Work to be completed: Starting at the line that contains "Size: 1500x1107 |" and ending at the line that contains "Diagram of HELI Rotation Bearing 1800320001", the lines below are to be given again exactly, with nothing added.

-.-.-

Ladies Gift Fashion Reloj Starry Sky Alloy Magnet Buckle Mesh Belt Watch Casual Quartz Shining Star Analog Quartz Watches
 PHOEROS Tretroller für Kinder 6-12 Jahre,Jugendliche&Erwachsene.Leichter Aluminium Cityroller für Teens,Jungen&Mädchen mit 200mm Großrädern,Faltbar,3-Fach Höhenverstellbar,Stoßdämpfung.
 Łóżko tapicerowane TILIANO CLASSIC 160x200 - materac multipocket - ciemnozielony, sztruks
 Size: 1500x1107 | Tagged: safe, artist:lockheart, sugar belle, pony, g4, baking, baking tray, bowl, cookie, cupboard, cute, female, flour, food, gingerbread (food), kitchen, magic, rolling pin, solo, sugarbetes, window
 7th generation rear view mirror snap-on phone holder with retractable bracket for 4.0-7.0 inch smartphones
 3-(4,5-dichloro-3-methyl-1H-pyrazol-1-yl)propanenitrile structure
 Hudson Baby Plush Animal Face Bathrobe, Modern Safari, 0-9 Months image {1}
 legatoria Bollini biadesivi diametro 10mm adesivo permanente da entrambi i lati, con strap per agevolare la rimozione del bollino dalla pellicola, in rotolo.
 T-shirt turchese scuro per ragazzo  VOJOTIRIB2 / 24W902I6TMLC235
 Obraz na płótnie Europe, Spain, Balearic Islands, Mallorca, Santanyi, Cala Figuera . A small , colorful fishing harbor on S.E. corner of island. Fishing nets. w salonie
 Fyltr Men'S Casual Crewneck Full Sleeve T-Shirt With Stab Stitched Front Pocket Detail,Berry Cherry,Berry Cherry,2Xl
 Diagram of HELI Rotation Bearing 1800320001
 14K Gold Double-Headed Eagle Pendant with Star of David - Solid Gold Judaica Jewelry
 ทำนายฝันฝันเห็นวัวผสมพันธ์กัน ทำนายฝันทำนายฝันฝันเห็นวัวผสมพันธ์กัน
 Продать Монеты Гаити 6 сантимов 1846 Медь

-.-.-

Problem solution:
 Size: 1500x1107 | Tagged: safe, artist:lockheart, sugar belle, pony, g4, baking, baking tray, bowl, cookie, cupboard, cute, female, flour, food, gingerbread (food), kitchen, magic, rolling pin, solo, sugarbetes, window
 7th generation rear view mirror snap-on phone holder with retractable bracket for 4.0-7.0 inch smartphones
 3-(4,5-dichloro-3-methyl-1H-pyrazol-1-yl)propanenitrile structure
 Hudson Baby Plush Animal Face Bathrobe, Modern Safari, 0-9 Months image {1}
 legatoria Bollini biadesivi diametro 10mm adesivo permanente da entrambi i lati, con strap per agevolare la rimozione del bollino dalla pellicola, in rotolo.
 T-shirt turchese scuro per ragazzo  VOJOTIRIB2 / 24W902I6TMLC235
 Obraz na płótnie Europe, Spain, Balearic Islands, Mallorca, Santanyi, Cala Figuera . A small , colorful fishing harbor on S.E. corner of island. Fishing nets. w salonie
 Fyltr Men'S Casual Crewneck Full Sleeve T-Shirt With Stab Stitched Front Pocket Detail,Berry Cherry,Berry Cherry,2Xl
 Diagram of HELI Rotation Bearing 1800320001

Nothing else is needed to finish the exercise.